#### Given data
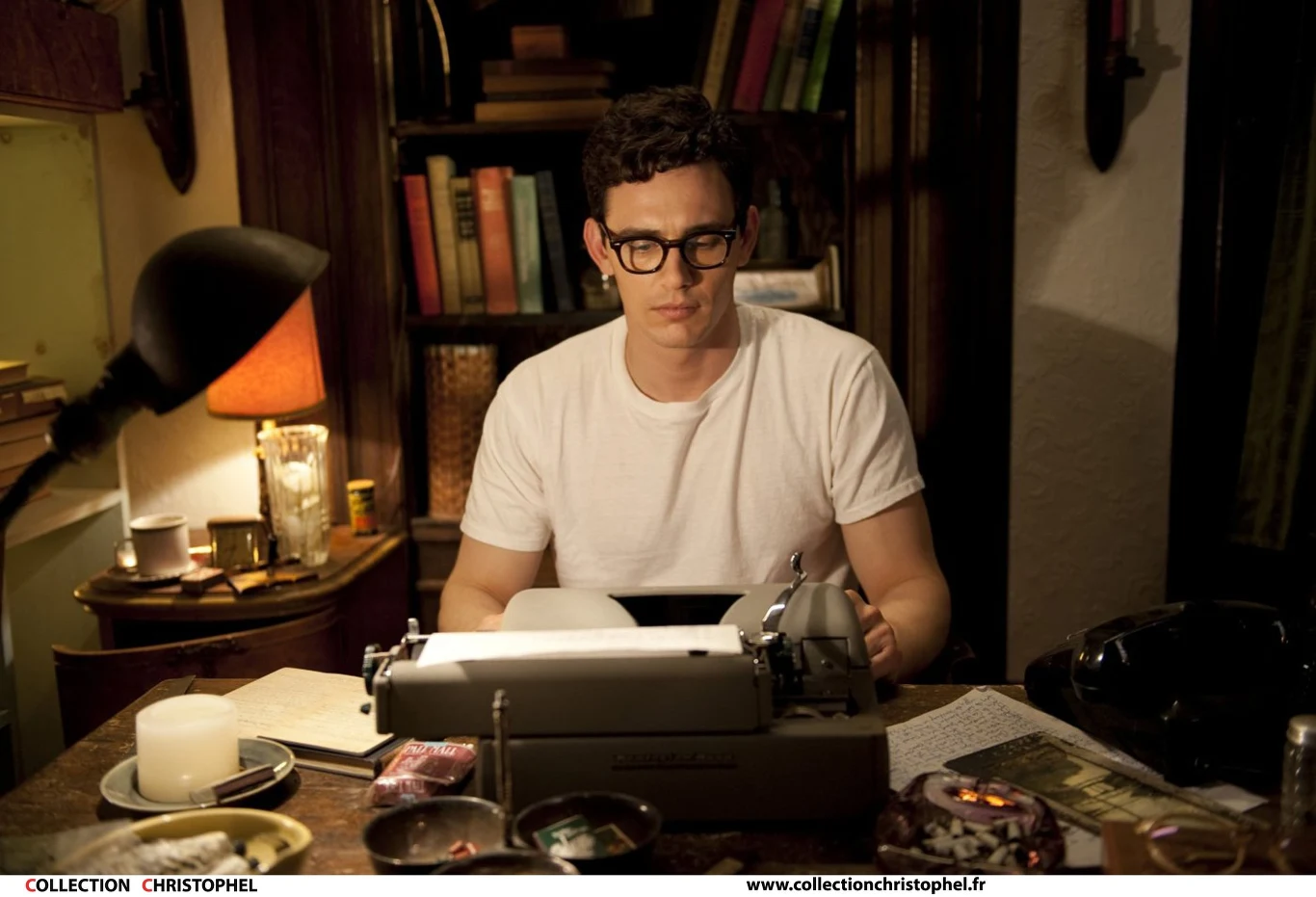 Dosyć szybko zresztą Franco otrzymał kolejne ważne role. Najpierw wcielił się w Allena Ginsberga w dramacie Roba Epsteina i Jeffrey'a Friedmana "Skowyt". I choć obraz nie okazał się tak udany, jak kreacja aktora, to ważne, że po raz kolejny Franco udowodnił, jak świetnie czuje się w kostiumie retro zwłaszcza, gdy dodatkowo wciela się w autentyczną postać. Tym razem czołowego działacza społecznego generacji bitników, postać za życia owianą barwną legendą i otaczaną kultem.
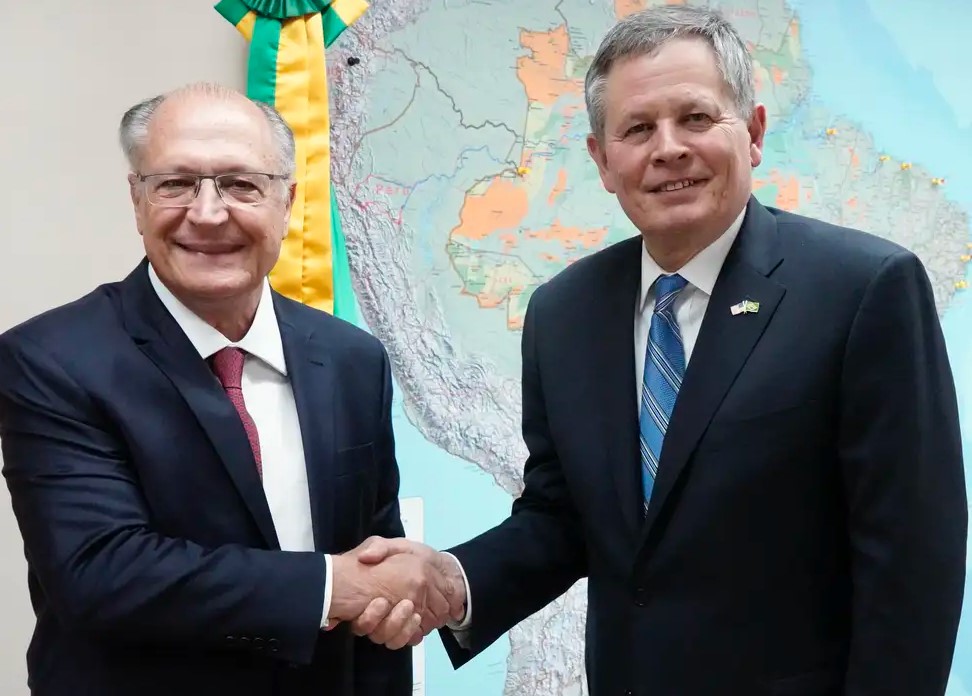 REUNIÃO: Alckmin recebe senador americano aliado de Trump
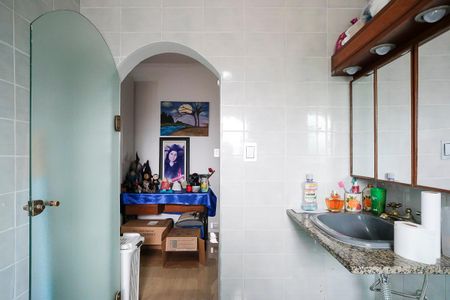 Casa à venda com 254m², 2 quartos e 4 vagasBanheiro da suíte 2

#### Your instructions
Quote exactly the lines from the line that contains "REUNIÃO: Alckmin recebe" through the last line of the listing, please, leaving out all pictures.

#### Solution
 REUNIÃO: Alckmin recebe senador americano aliado de Trump
 Casa à venda com 254m², 2 quartos e 4 vagasBanheiro da suíte 2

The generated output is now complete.